The other day I ran down proper usage of terms like "often", "rarely", etc. One of the items was a reference to variance. "give or take". Essentially it is recognizing that though something happens "on average" in nature, very few things, if any, are exactly on the point. For example the earth doesn't circle around the sun in the exact same path each and every year. Sometimes it's closer at it's closest point and sometimes it's further away at it's furthest point. And sometimes vice-versa, farther at its closest point than "usual" and closer during its farthest point than "usual". Such events are examples of variance. It's important to understand that when discussing phenomena. And so we have the graph of worldwide COVID deaths.
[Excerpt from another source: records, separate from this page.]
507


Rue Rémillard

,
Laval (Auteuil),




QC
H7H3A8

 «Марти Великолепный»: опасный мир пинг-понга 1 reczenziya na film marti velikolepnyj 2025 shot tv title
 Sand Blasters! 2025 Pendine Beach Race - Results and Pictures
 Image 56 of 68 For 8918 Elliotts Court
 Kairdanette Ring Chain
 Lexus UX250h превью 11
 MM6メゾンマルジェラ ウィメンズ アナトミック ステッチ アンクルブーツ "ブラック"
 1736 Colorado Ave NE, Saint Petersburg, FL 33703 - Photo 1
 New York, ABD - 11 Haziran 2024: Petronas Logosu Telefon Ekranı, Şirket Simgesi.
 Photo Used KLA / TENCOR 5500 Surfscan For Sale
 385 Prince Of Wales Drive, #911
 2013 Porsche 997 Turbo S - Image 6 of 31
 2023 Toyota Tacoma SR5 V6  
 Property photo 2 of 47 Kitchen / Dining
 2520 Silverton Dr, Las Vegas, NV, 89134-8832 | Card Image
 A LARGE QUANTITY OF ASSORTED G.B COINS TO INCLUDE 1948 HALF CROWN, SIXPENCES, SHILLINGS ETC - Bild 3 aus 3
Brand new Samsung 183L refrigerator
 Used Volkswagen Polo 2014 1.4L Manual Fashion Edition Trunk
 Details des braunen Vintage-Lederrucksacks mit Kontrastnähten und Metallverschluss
Note the variance in trajectories. Some countries have high rates and some countries have very low rates. If you looked at the mean it would be somewhere around the 9 per million (eyeballing it). There are many countries far below that number and many countries far above that number. Also looking at the chart there isn't really a discernable pattern to it. While Sweden and New Zealand get attention as outliers in terms of deaths and lockdown/mask policies, places like Gambia, Madagascar and Ghana get no attention but are at the extreme low end of deaths. Anyone like to guess why?
Oh and anyone believing China's numbers can come see me about the sale of a bridge spanning the East River. I mean from 185 per million to zero? Sure.
This also undescores, for me at least, that a lot of the talk about what South Korea and other Asian nations "did right" and "took seriously" is really about variance and the nature of human bio diversity. Some populations are more susceptible for various reasons where others are less susceptible.